A Utah mother and father in Ogden have a serious warning for parents everywhere: Beware of a scam called “virtual kidnapping.”
Last Wednesday, Jeff Weber told KTLA sister station KSTU in Salt Lake City that he was driving his work vehicle when his cell phone rang from an unknown number. He did not answer. But then it rang again with the same unknown number, and this time, he picked up.
What he heard, he said, was terrifying.
“I heard a young girl crying saying, ‘Daddy, daddy I’m scared,’ then the kid voice went away and a man came on and told me he kidnapped my daughter and if I ever wanted to see her again I would not tell anybody or hang up,” Weber told KSTU. “The guy sounded serious.”
Weber asked him questions about his daughter, like “what is she wearing?”, and he also asked to speak with her again. The man on the other end of the line refused to have the girl speak with him on the phone again.
“It scared me to death. The guy says, ‘You know I’ll kill her. You’ll never see her again. You’ll be paying for a funeral.’”
Weber did what he could to try to discreetly get hold of his wife, LeeAnn Weber, to confirm their 13-year-old daughter was safe at school. Weber happened to be at work by then so he quietly told his co-workers to call.
“It was pretty tense. I was trying to use a phone. I couldn’t even text my wife. The secretary let me borrow her phone and I couldn’t even text message. Like, I was shaking so bad I couldn’t push the buttons. It was so bad,” he said.
Weber managed to work with his co-workers and confirm with his wife that she made it to their daughter’s school, along with their daughter’s maternal mother too, and were all three there physically with their daughter. That meant Weber could hang up with the alleged kidnapper — finally confirming it was a scam.
“It’s just evil. You call somebody and tell them you have the most important thing in the world to them,” said Weber.
“It’s the most terrifying thing that a parent can go through, to think that someone has your child and you don’t know where they are,” said LeeAnn Weber. “You feel helpless.”
They called the police and filed a report. Salt Lake City police said the problem is finding these virtual kidnappers is almost impossible.
A few days later, on Saturday, Weber got the same unknown caller on his cell phone. LeeAnn was with him at home and she recorded the call.

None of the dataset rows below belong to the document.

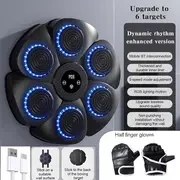 Resim Boks Eldivenleri, Egzersiz Ekipmanları, Etkileşimli Fitness ve Refleks Eğitimi Ekipmanları için Akıllı Müzik Boks Makinesi, Yetişkinler için Boks Makinesi Duvarı, Ev Egzersiz Boks Hedef Makinesi 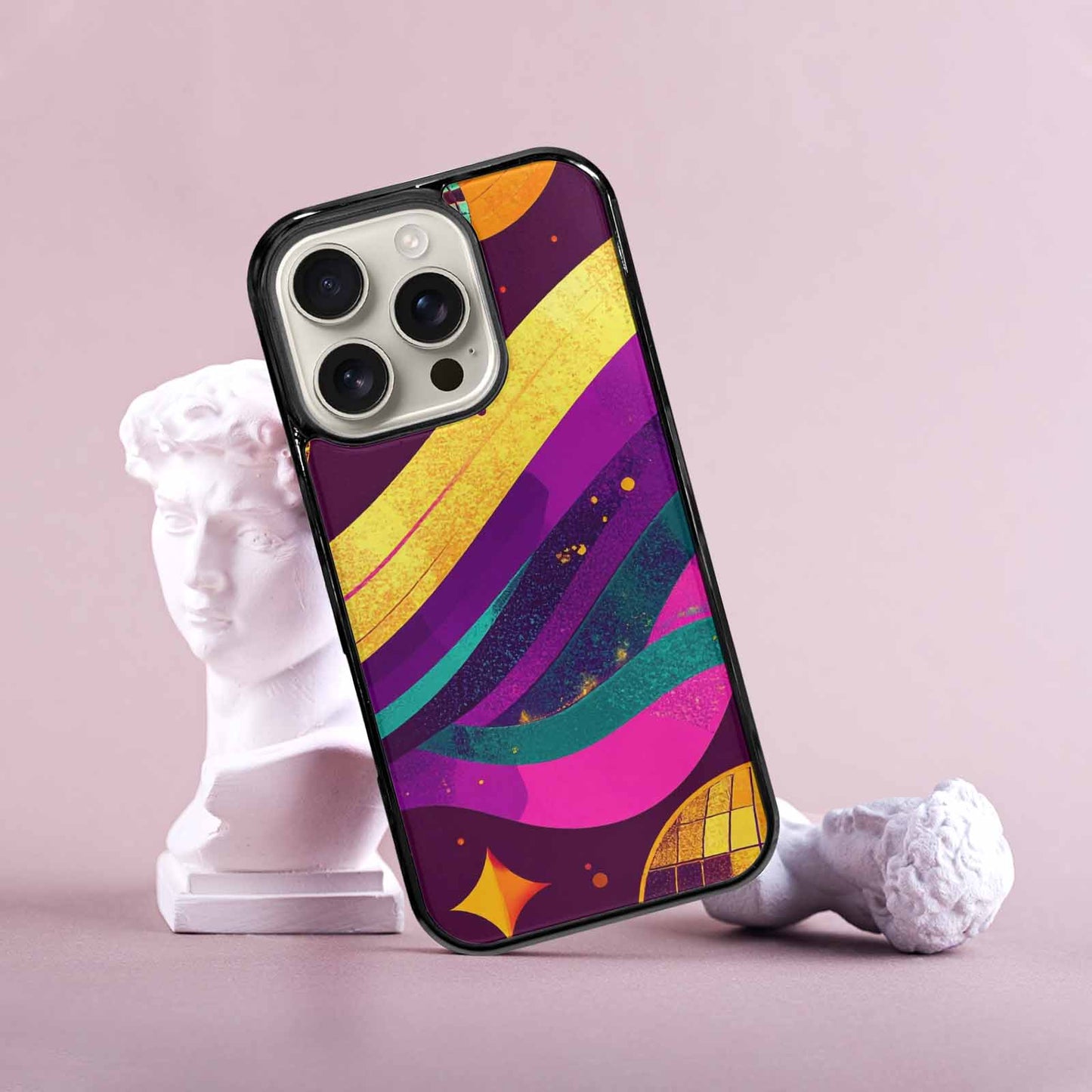 iPhone 16 Pro Case — 1970s Disco Art Pattern, Custom Print Case Cover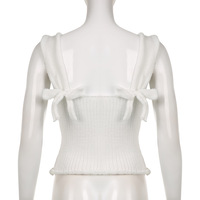 White Bow Knit Tank Top - Thumbnail 7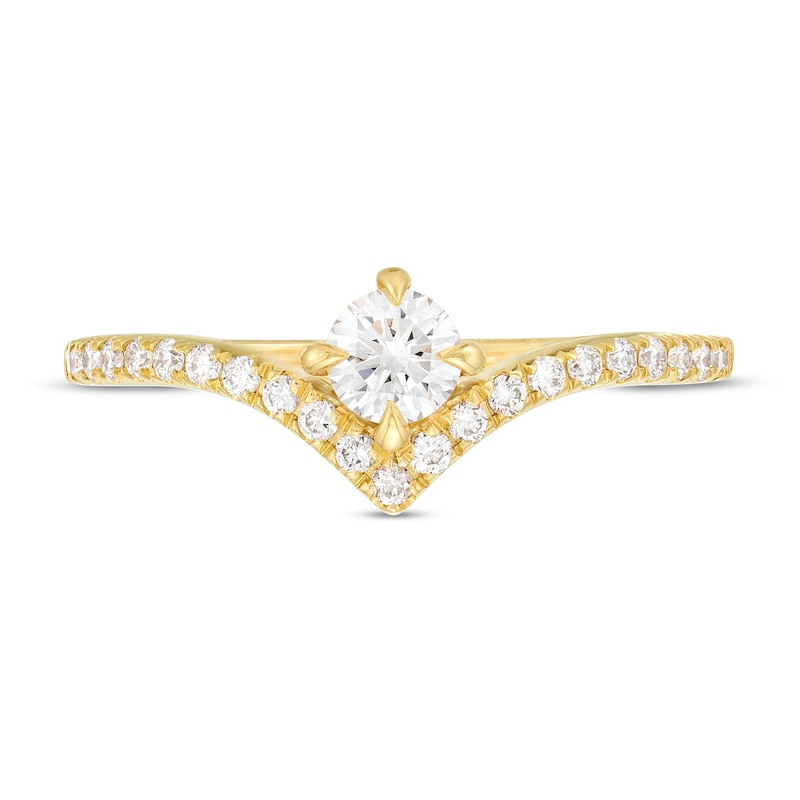 Main Image 5 of You're the One™ 3/8 CT. T.W. Certified Lab-Grown Diamond Chevron Engagement Ring in 14K Gold (F/SI2)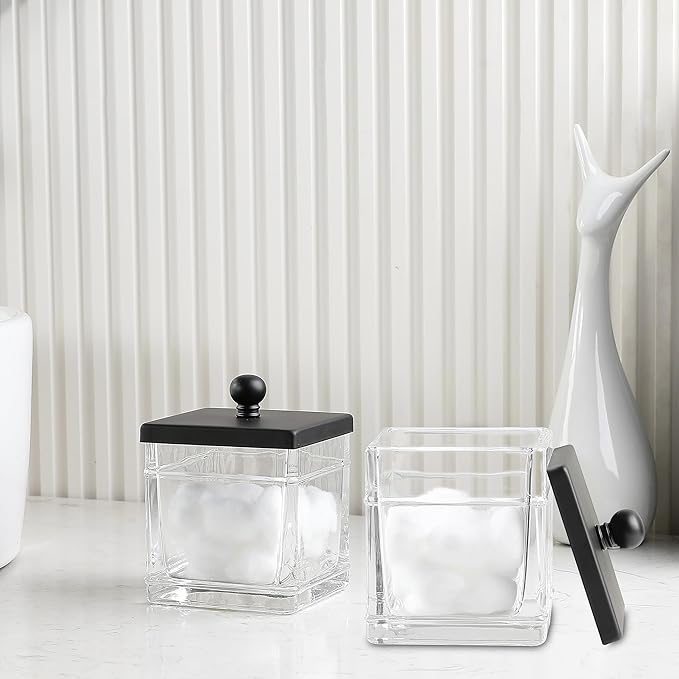 Glass Cotton Jar Holder 2 Pack– Matte Black Lid, Elegant Bathroom Storage Canister for Qtips, Cotton Balls, Floss, Makeup Organizer, Vanity & Bathroom Organization
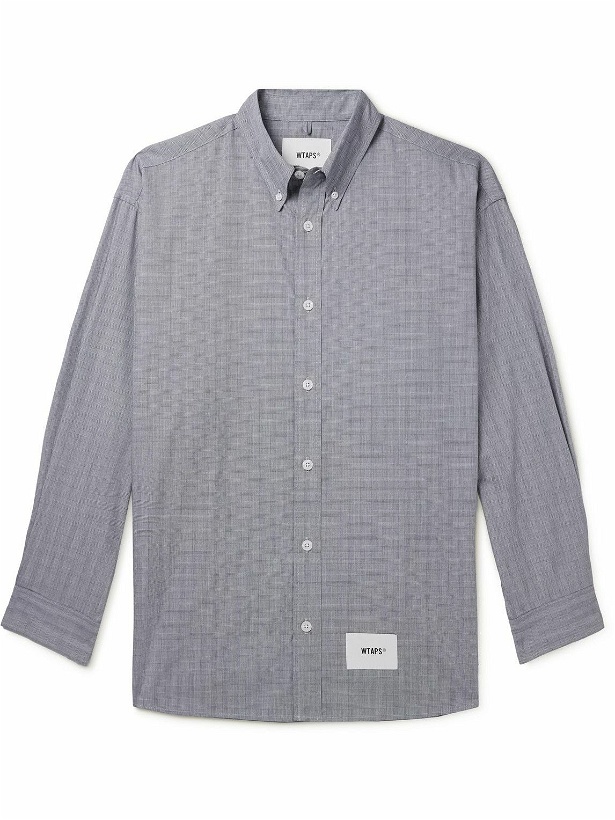 Photo: WTAPS - Button-Down Collar Logo-Print Prince of Wales Checked Cotton Shirt - Blue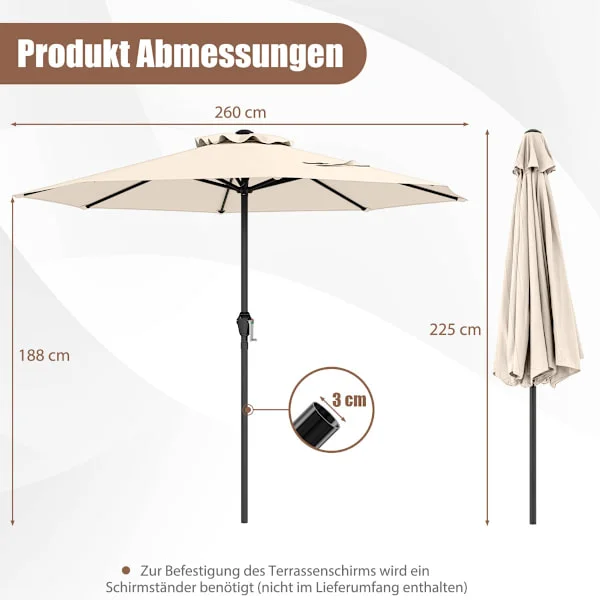 Parasoll 250 cm med vev och 8 ribbor, beige
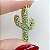 Colar com Pingente de Cacto Cravejado com Zircônias Esmeralda com Banho de Ouro18k - Imagem 6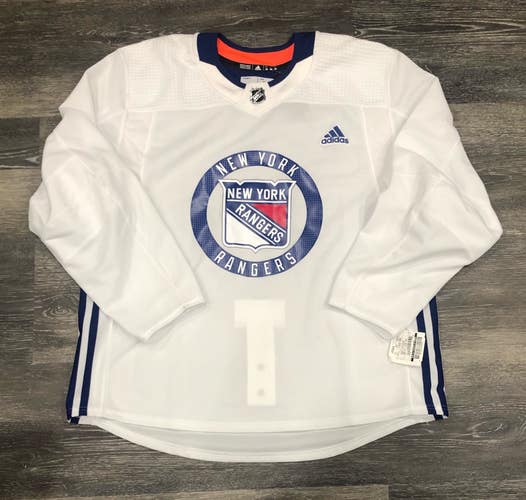 New York Rangers Adidas MIC Pro Stock Hockey Practice Jersey White Size 56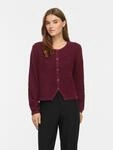 Strickjacke VILA "VIPIGGA O-NECK L/S KNIT JACKET NOOS", Damen, Gr. XS, rot (port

“It was nearly the exact same man with the same scam,” said Weber.
Alleged child kidnapped: “Dad I’m scared.”
Weber: “You’re scared?”
Scammer: “Tell her to stop crying, give me the phone. Hello, Jeff? I just kidnapped your daughter, you already heard her. Are you going to help her out, yes or no?”
Father: “Sure.”
Scammer: “You want to help her? I don’t want you doing nothing. Don’t call the police or tell anybody else about what’s going on, all right? If I hear you tell somebody, I’m going to hang up on you and you’re never going to hear from her again.”
This time, he said, he knew not to fall for this and told the man exactly how he felt about his fake kidnapping calls.
Weber said the man then told him, “Fine, I will just find somebody else to rob.”
That is when Weber realized the scammer could prey on another family, and they might fall for it and pay the scammer the money they demand.
Weber has this message for parents:
“Keep the caller on the phone as long as possible. Say whatever you have to, to not hang up, and find a way to also call police and call your son or daughter to make sure they are safe and where they are supposed to be.”
Police also had a warning to parents.
“It is a red flag when the scammer tells you not to call police, call police,” said Salt Lake City Police Department Officer Greg Wilkins. “The problem is, these scammers know it is hard to locate them and hard to criminalize them when they fail to scam someone.”